Les start-up étrangères s'engouffrent aussi dans la brèche. Rakia Group, structure cyber-gouvernementale israélienne, vient de créer une filiale US pour proposer ses outils d'IA de cyber-renseignement : cartographie de flux du dark Web, messageries cryptées, signaux maritimes. Ses outils permettent de repérer les navires dont les mouvements ne correspondent pas aux registres. À la frontière mexicaine, l'armée américaine déploie également Moodro, start-up ukrainienne, pour neutraliser les drones des cartels sur un rayon de 16 km. « Nous concentrons d'abord nos investissements en Ukraine, mais l'intérêt américain est vif », confirme au WSJ son fondateur Michael Obod.
Le gouvernement mise sur la sécurité : 165 milliards sur la table
Pendant que Trump coupe à la tronçonneuse dans les budgets fédéraux, les dépenses de défense et de surveillance explosent.
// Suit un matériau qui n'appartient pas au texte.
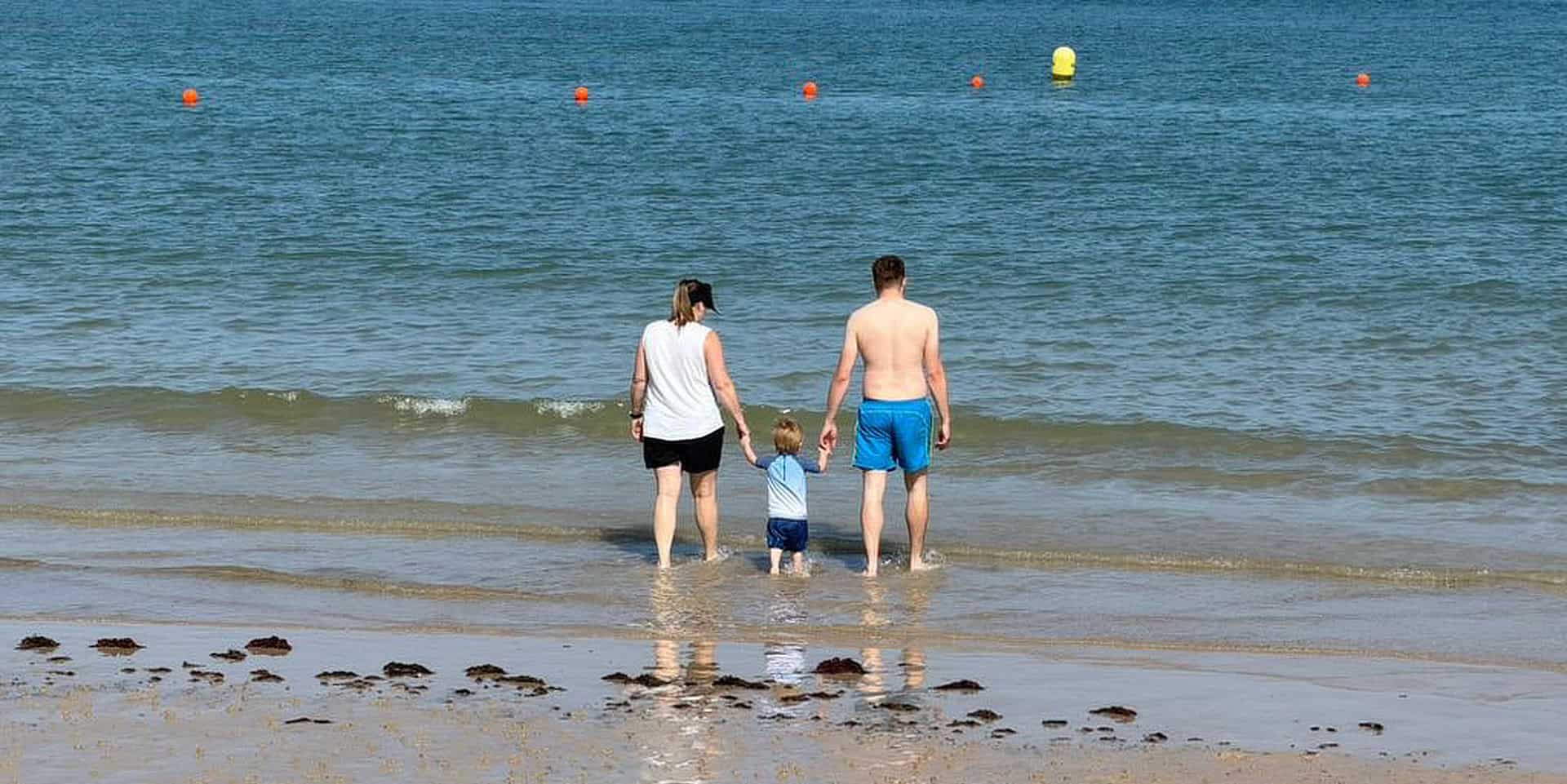 family paddling in the sea at Colwell Bay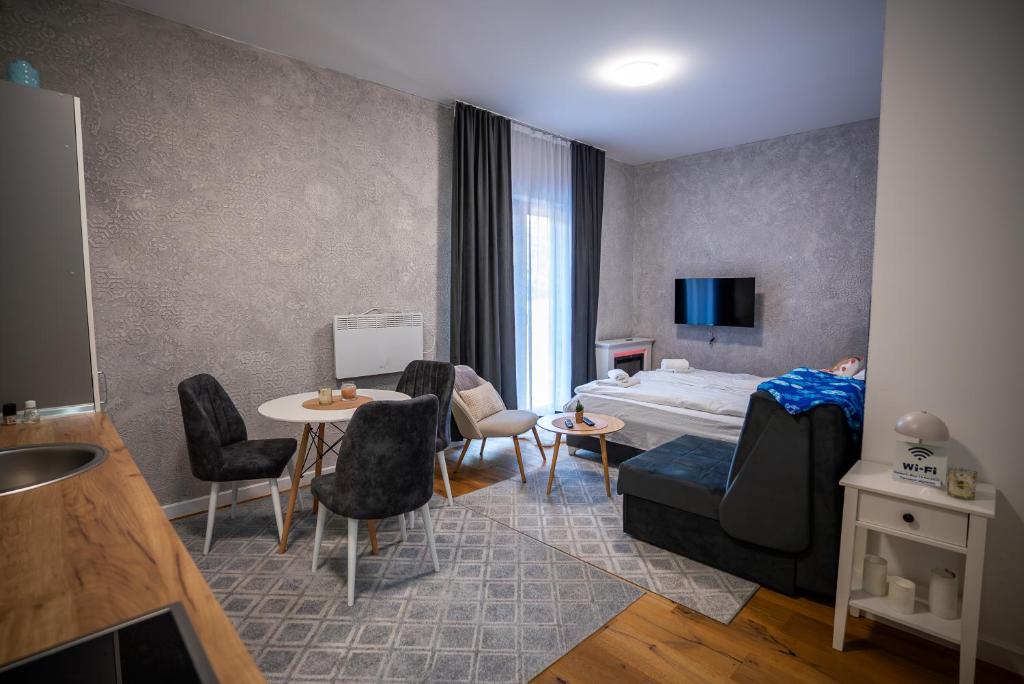 een hotelkamer met een bed, een tafel en stoelen bij Mountain goat Bjelašnica in Bjelašnica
Son projet de loi de finances, le One Big Beautiful Bill Act (H.R. 1, adopté le 4 juillet 2025, alloue 165 milliards de dollars supplémentaires au Département de la Sécurité intérieure sur dix ans. Au menu : 6 milliards pour les technologies de surveillance à la frontière mexicaine, 1 milliard pour le Pentagone (lutte antidrogue et surveillance des frontières), 4 milliards pour l'acquisition de nouveaux patrouilleurs des garde-côtes, et 350 millions pour la robotique et les systèmes autonomes. « Il y a des priorités et des fonds, déclare Mark Cancian, conseiller au Centre d'études stratégiques et internationales et colonel des Marines à la retraite. Pour les entreprises, c'est une bonne chose. »
Un complexe militaro-entrepreneurial financé par les géants de la tech
Le gouvernement américain n'est pas le seul à investir. Si le narcotrafic est censé prendre cher, c'est la DefTech qui remporte la mise. 2025 sera une année record avec 7,7 milliards de dollars levés en capital-risque DefTech, soit une croissance de + 141 % sur un an. C'est le secteur le plus bouillonnant derrière l'intelligence artificielle et 10 nouvelles licornes sont apparues sur ce marché en 2025. Par ailleurs, quelques gros investisseurs raflent la mise : cinq fonds contrôlent plus de 70 % des méga-deals de la DefTech. Tous confortent les intérêts financiers de proches de Donald Trump : Founders Fund (Peter Thiel), Andreessen Horowitz, 8VC (Joe Lonsdale, cofondateur de Palantir), Shield Capital et Lux Capital. Joe Lonsdale conseille le programme DOGE d'Elon Musk, David Sacks (ex-PayPal Mafia) est devenu « AI & Crypto Czar » à la Maison Blanche.
Et l'Europe dans tout ça ? Les dépenses militaires des États membres de l'Union européenne ont bondi de + 17% en 2024, une croissance supérieure à celle des États-Unis (+ 5,7%). Mais les Américains restent 2,7 fois plus puissants (997 milliards contre 370 milliards de dollars) et financent encore 65 % du développement de la DefTech européenne. 23 frappes, 87 morts, 10 milliards de dollars levés : les frappes soupçonnées de viser à affaiblir le gouvernement du Venezuela et condamnées par l'ONU comme « violations du droit international » sont décidément une très bonne affaire.